Driving in to Milltown to see the fireworks was almost a mistake tonight. We both had our Starbucks coffees and the boy had his Frappuccino. We were ready for the show. However, every parking lot, every side street, every curb was filled with people who had already staked out their area and set up their chairs. We circled a few times, hoping to find a spot. No luck. Then it started to rain. Lightly at first, and then enough to have us doubt the fireworks would go on at all.
An idea! Let’s go to the Home Depot parking lot and watch from there. We drove almost a mile away, arriving to the parking lot where several others had the same idea. The rain continued, the windshield became blurry, and the boy became restless as we waited another 15 minutes. The sparkling explosions finally began, and we got out of the car, the boy and I.

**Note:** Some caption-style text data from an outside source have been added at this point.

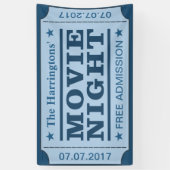Banner "Movie Ticket" für individuelle Name und Da (Vertikal)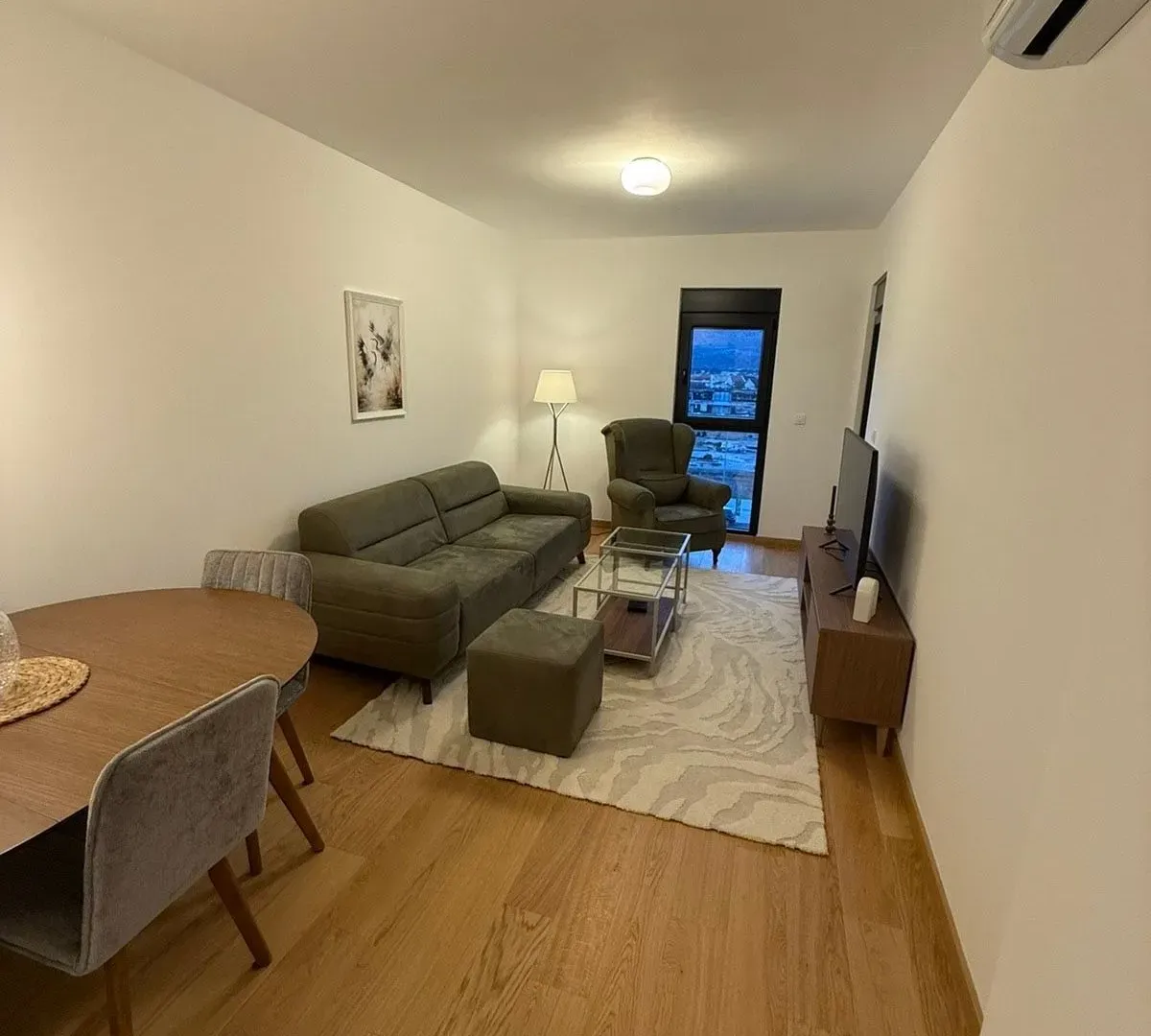 Rent, one bedroom apartment, 46m², City Kvart, Podgorica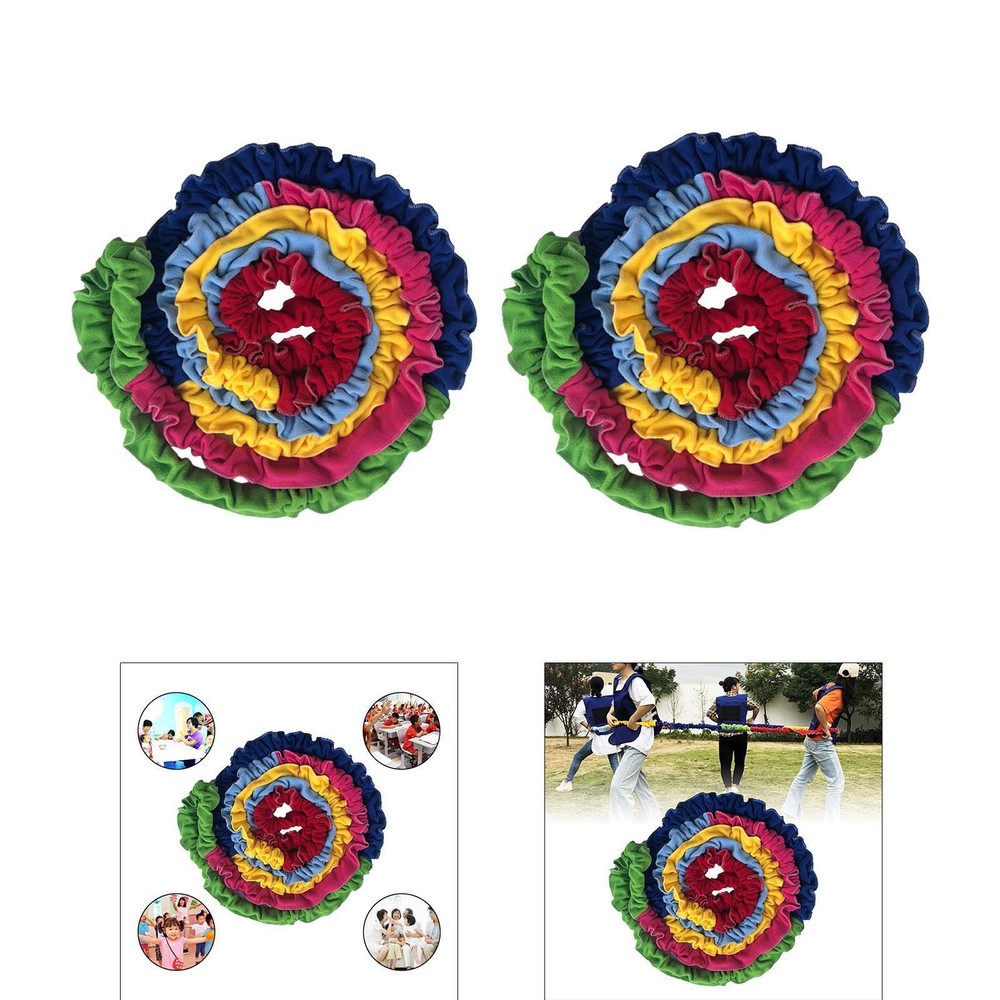 Portable Cooperative Stretch Rope Exercise Band for Dynamic Movement Loops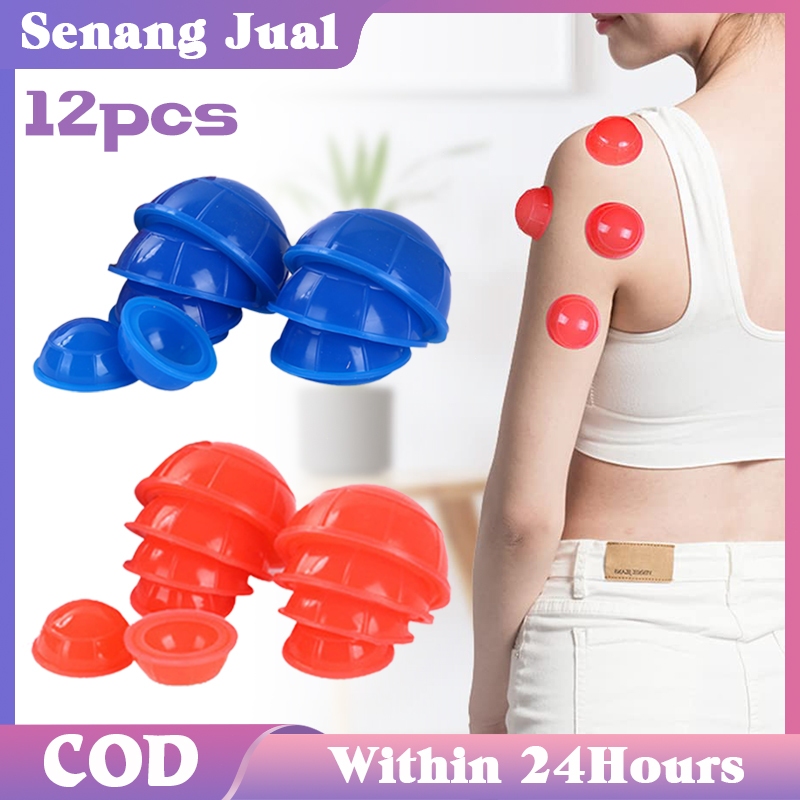 Set Kop Bekam Karet Silikon 12 Buah - Berbagai Spesifikasi Alat Bekam - Mudah Dioperasikan Alat Kop 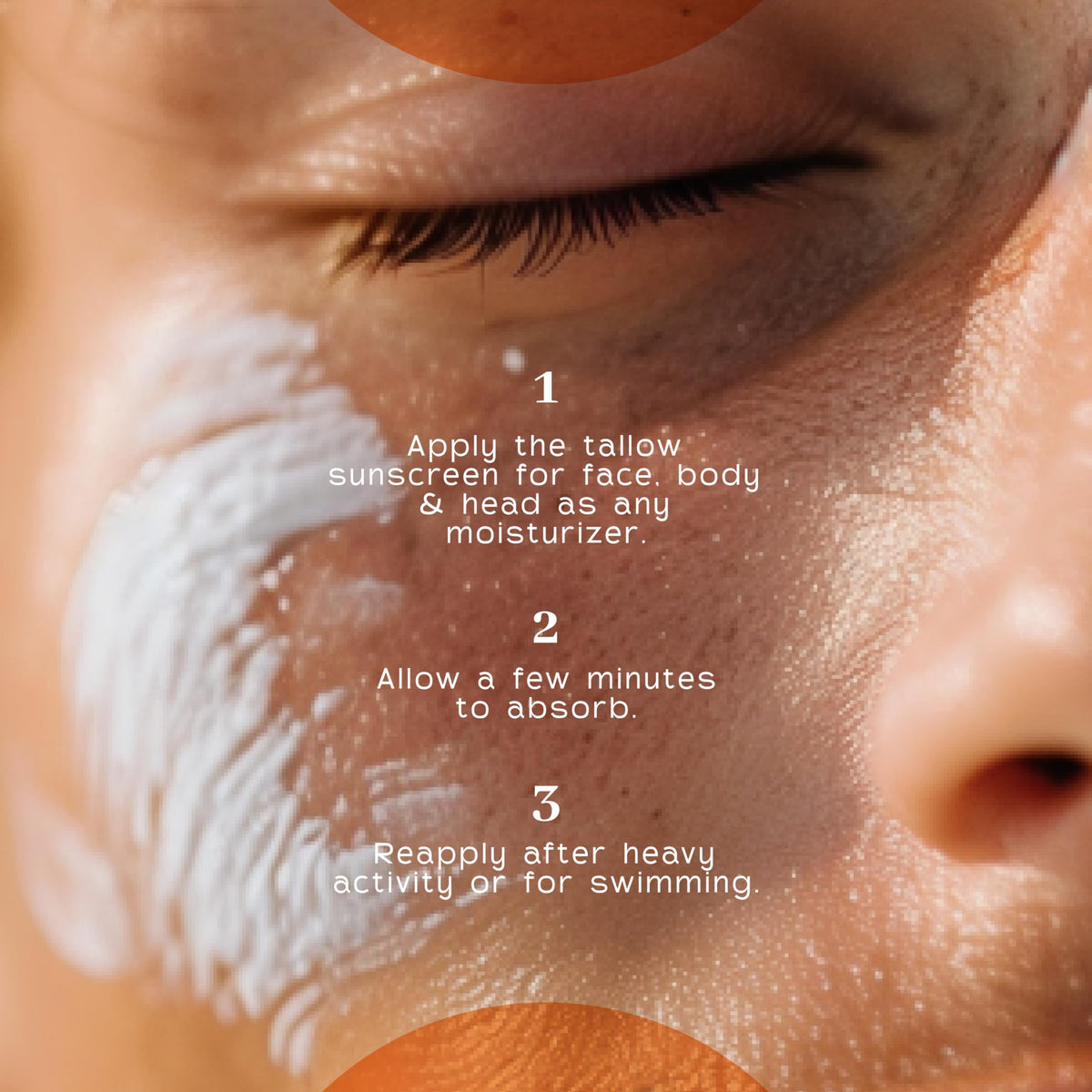 Model applying VanMan to face outdoors, demonstrating quick touch-up benefit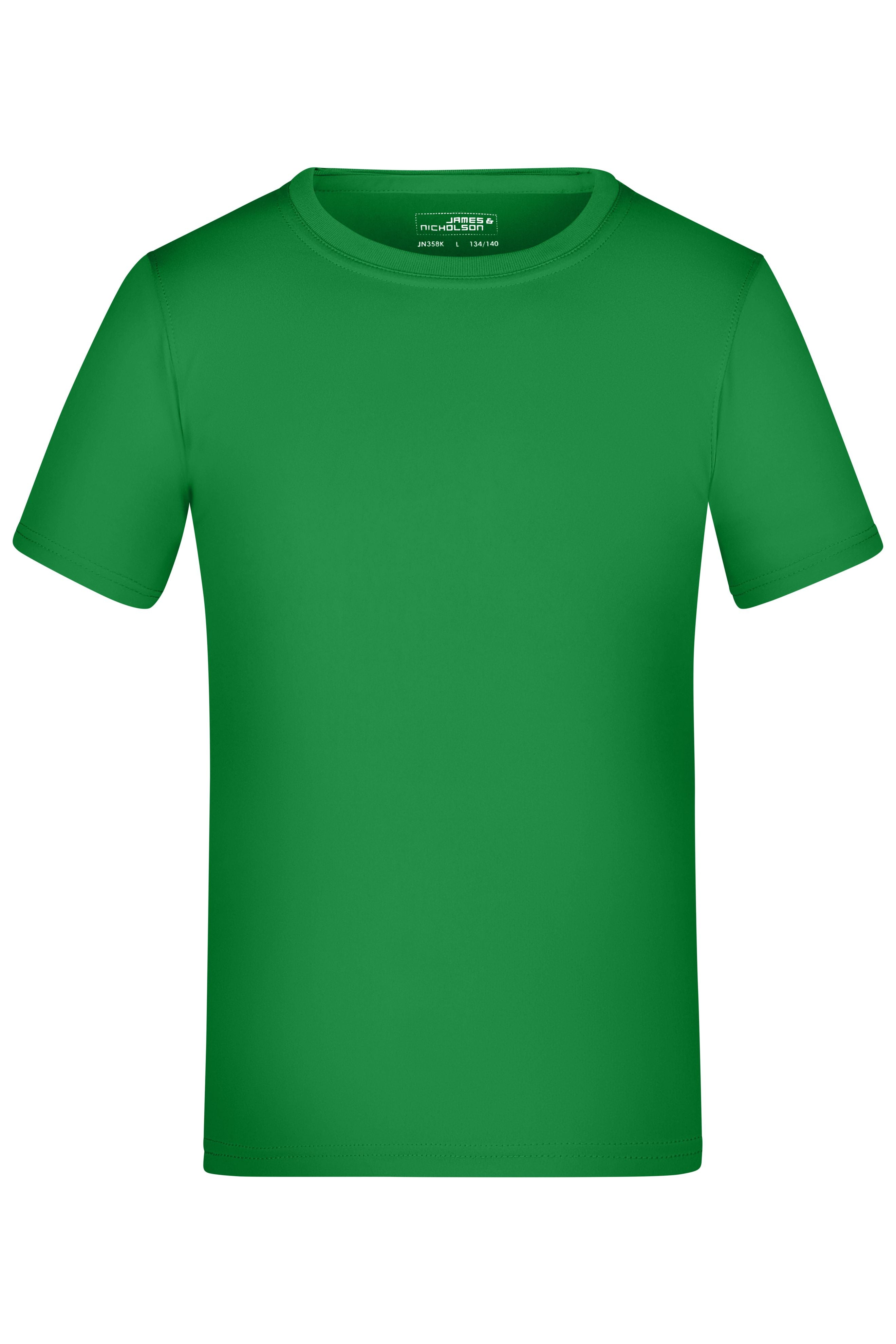 James & Nicholson Kinder Active T-Shirt green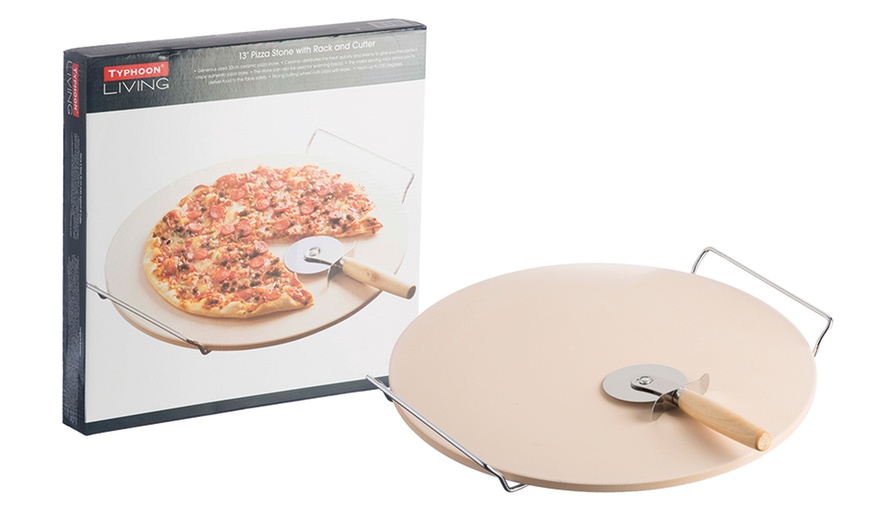 Image 2: Typhoon Pizza Stone Set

As we stood there, I heard people around me admiring the lights, the colors, and the brightness. A small child’s sweet voice could be heard, laughing in amazement. Parents and children sat in their cars, or stood in the rain, cheerful and wet. My son and I shared an umbrella, and looked up together, past the stores and the trees, at the fireworks of this 4th of July. My child, who is now as tall as me, leaned against me as I put my arm around him. For just a moment, it felt like it was just the two of us.
And then, the show was over, and the cars began their battle to get out of the parking lot as fast as possible. All kinds of families, different ethnic groups, rap, rock, and reggaetón blasting from car radios, everyone was cutting each other off. Nothing says America to me like the wonderful differences between all of us, and the incredible and amusing urge to be the first one in line to go home!
On the way home, my boy said "Thanks guys", and I remembered that it is indeed easy to make my child happy.